[Supplied records Boundary: Start]
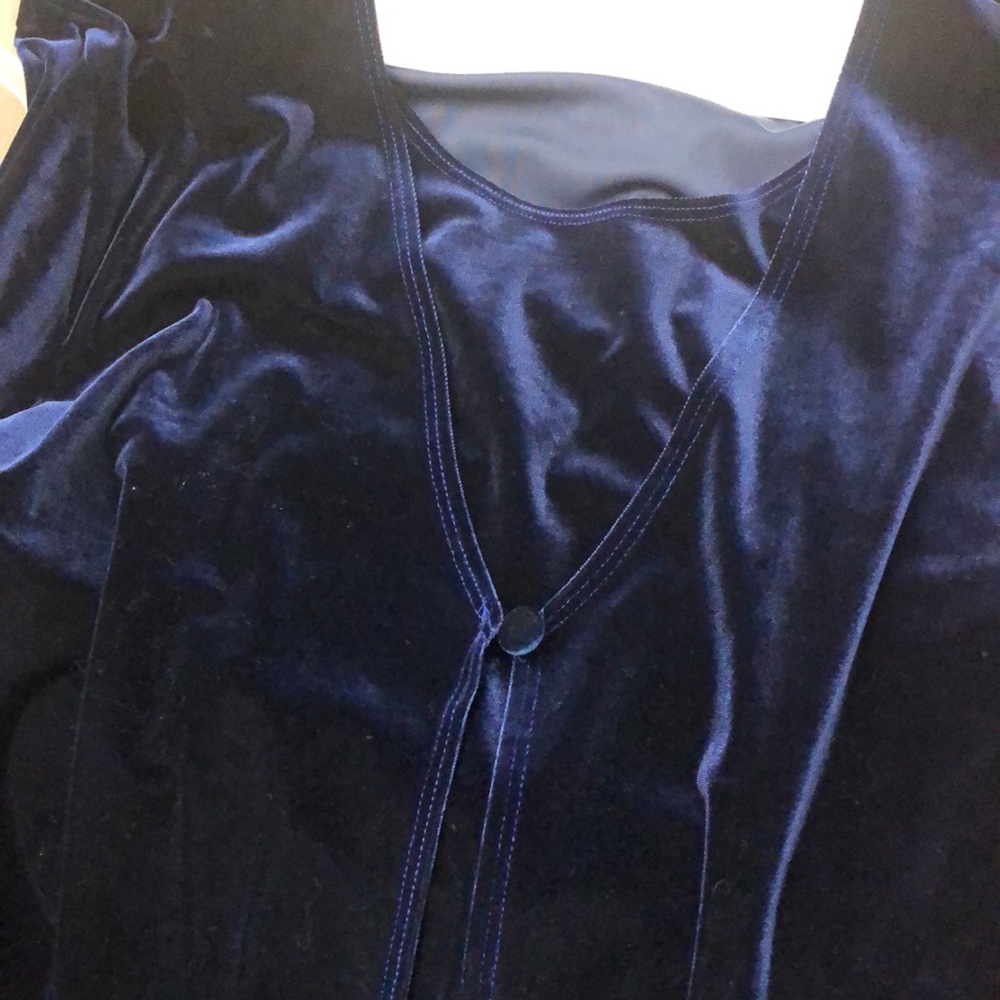 Royal blue blouse suede material possibly a 3X
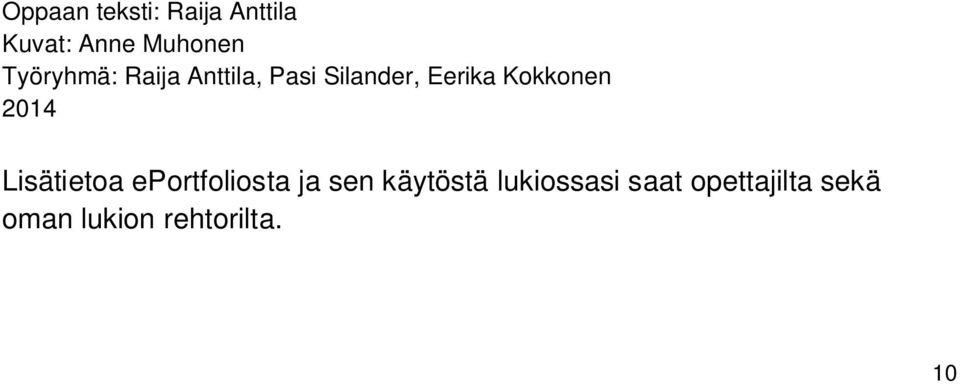 Kokkonen 2014 Lisätietoa eportfoliosta ja sen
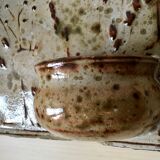 Enamelled sandstone wall flower pot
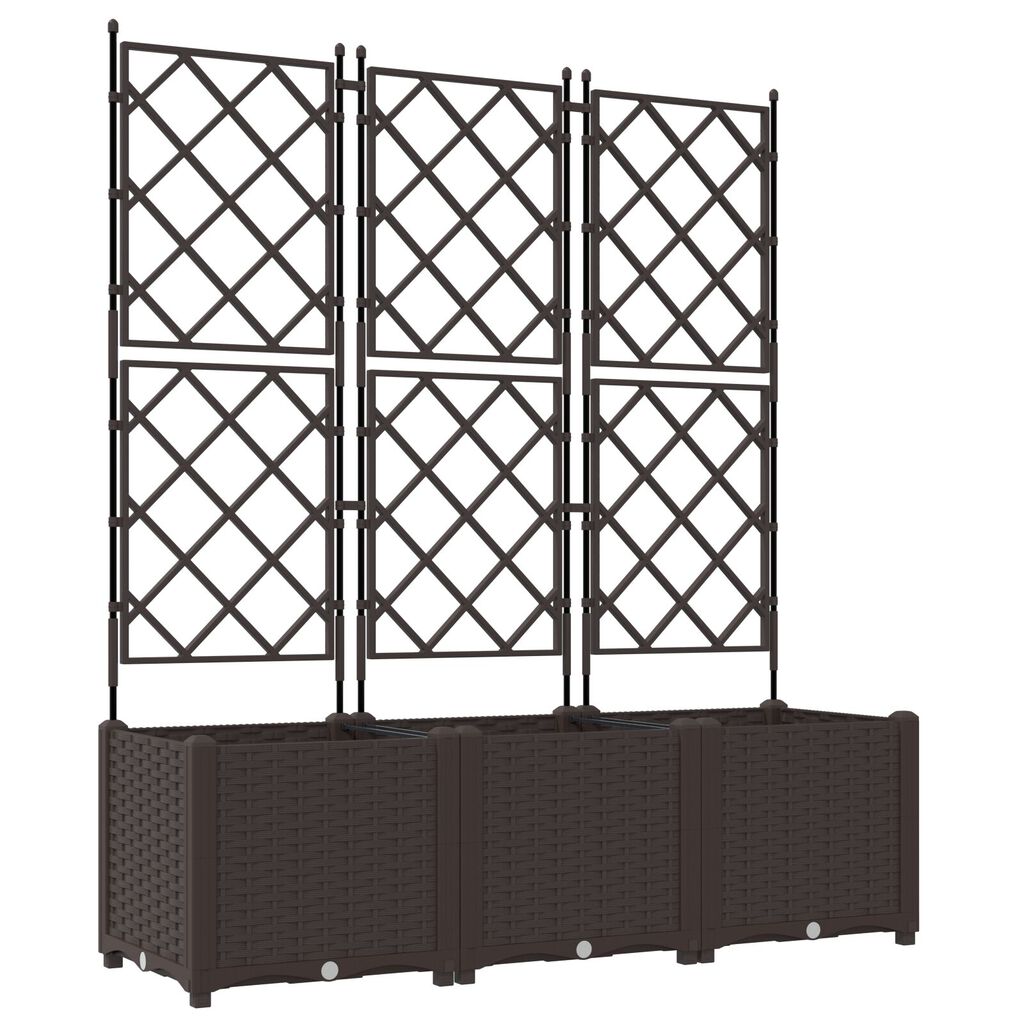 vidaXL Γλάστρα Κηπουρικής με Πλέκτη 3 τεμ Καφέ 120x40x143 εκ.
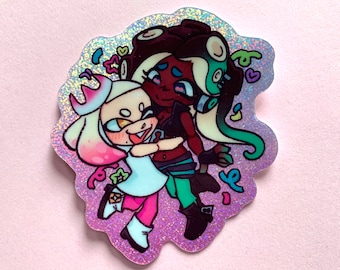 pegatina holográfica brillante de 2 pulgadas de Pearl y Marina / Splatoon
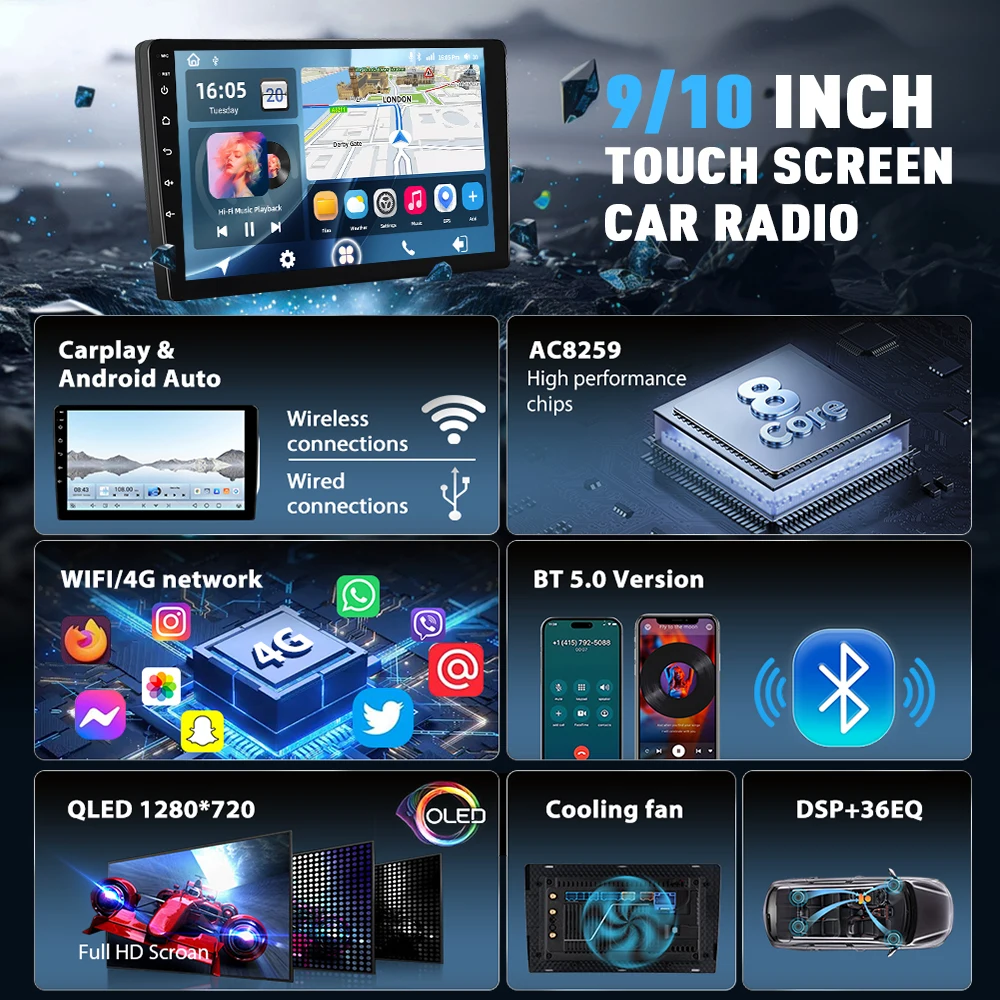 Podofo 4G Carplay 2DIN Android Radio Multimedia para coche, reproductor para Peugeot 308 408 2007 2008-2015 DSP, navegación GPS, WIFI, RDS, Bluetooth, Android, autoradio, receptor FM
[Supplied records Boundary: End]
What you should do >>
Reproduce word for word the lines from the line with "vidaXL Γλάστρα Κηπουρικής" to the end of the entries above, both included, but leave the pictures out.

Result of the task >>
 vidaXL Γλάστρα Κηπουρικής με Πλέκτη 3 τεμ Καφέ 120x40x143 εκ.
 pegatina holográfica brillante de 2 pulgadas de Pearl y Marina / Splatoon
 Podofo 4G Carplay 2DIN Android Radio Multimedia para coche, reproductor para Peugeot 308 408 2007 2008-2015 DSP, navegación GPS, WIFI, RDS, Bluetooth, Android, autoradio, receptor FM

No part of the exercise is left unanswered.